What is the Vision Pro doing optically?

I’m fascinated to hear from Vision Pro users how vision correction works and doesn’t work. @xdev has written some about how he can still use his hard contacts, though with less eye-tracking accuracy, and @mcohen was just telling me privately that he needs prisms in one lens of his glasses, which the Vision Pro lenses won’t do, so he sees double in that eye while using the Vision Pro. Unless he moves the window very close in virtual space, which turned out to be a big win for him.

I wrote about this back in June, and I’m still curious about what’s really going on in the optics of the Vision Pro. It seems that it’s somehow tweaked to be in focus only with 20/20 (roughly speaking) vision, but is there more to that than software? My eyes focus really well at a couple of inches, which is just about how close the screens really are.

Is there an optometrist out there who might know more about what’s going on?

2 Likes

I have heard that the (fixed) focal distance for the AVP is 1.3 meters. The physical distance is a few cm but the optics make it appear to the eye as though the screen is 1.3 m away. This is surprising to me - I would have thought that setting it at infinity would make more sense. Then people with good distance vision but poor close up vision ( like people with presbyopia or with cataract replacement lenses) would have no trouble. I have cataract lenses and have very good vision at distances >20 feet so would need “reader” lenses in the AVP. (But I doubt I will ever buy one, so this point is moot).

3 Likes

This was my assumption too, Adam. And after completing the demo I asked if I could try the device without the prescription inserts they used, based on analyzing my eyeglasses. (Like you, I’m near signted.)

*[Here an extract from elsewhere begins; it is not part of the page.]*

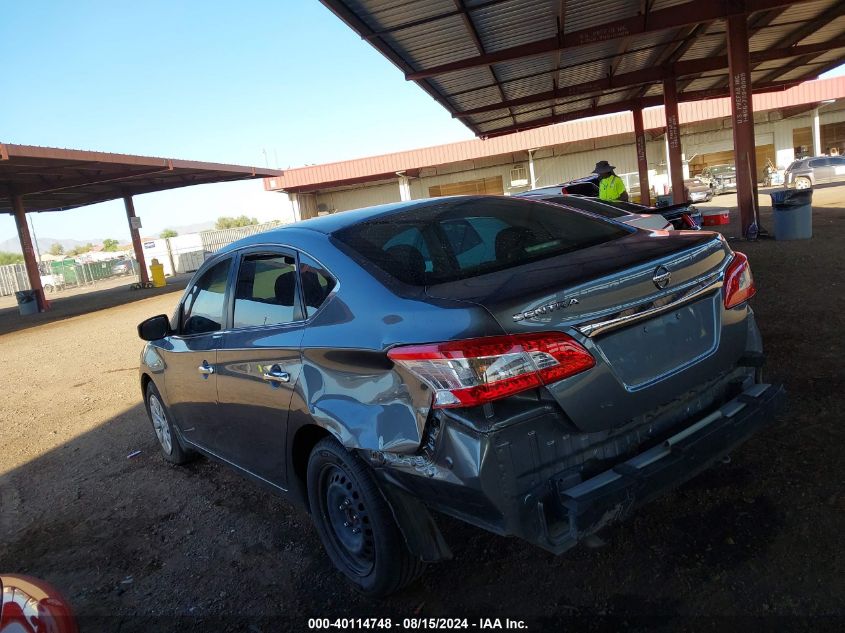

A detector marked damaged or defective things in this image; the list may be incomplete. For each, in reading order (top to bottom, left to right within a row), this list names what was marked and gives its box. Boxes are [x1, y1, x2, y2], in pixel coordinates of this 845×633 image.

crumpled rear bumper [536, 380, 784, 552]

However, to my surprise and disappointment, without the corrective lenses the Vision Pro displays were about as blurry as my regular vision.

I did buy a Vision Pro, and had to wait a week for Zeiss to ship my lenses. During that time I was able to use the device, but not well, as my natural tendency to squint in order to improve my vision seemed to interfere with the eye tracking. (Not always, but often enough to be annoying.) Now that my lenses have arrived, things are crystal clear and the device works much more smoothly.

5 Likes

Hoping that Adam’s info was not definitive, and while in a financial dither over whether to purchase a Vision Pro, I looked into the specific requirements for Zeiss to provide the required lenses for those of us without naturally 20/20 eyesight at their Prescription guide.

My glasses have a prism correction, without which I have some double vision. Before I got my new prescription, I couldn’t play tennis very well, although I could – with some unease – drive a car.

The last question on the Zeiss checklist is, “Do you wear glasses with prism correction?” The default answer is “NO”, but if you click “YES”, you get this response: “We’re really sorry, but at the moment ZEISS Optical Inserts cannot provide vision correction for prism. Unfortunately, we are currently unable to produce ZEISS Optical Inserts for you.”

So, no Vision Pro for me. (My bank account sighed with relief.)

1 Like

Why were you surprised that without something Apple specifically recommends, the device didn’t work?

Well, it did work, just not optimally. This is worth noting. It took a week for my lenses to arrive and I was able to use the device somewhat while waiting.

Secondly, as I stated, the reason for the surprise is what Adam expressed. The screens are well within clarity range of the nearsighted.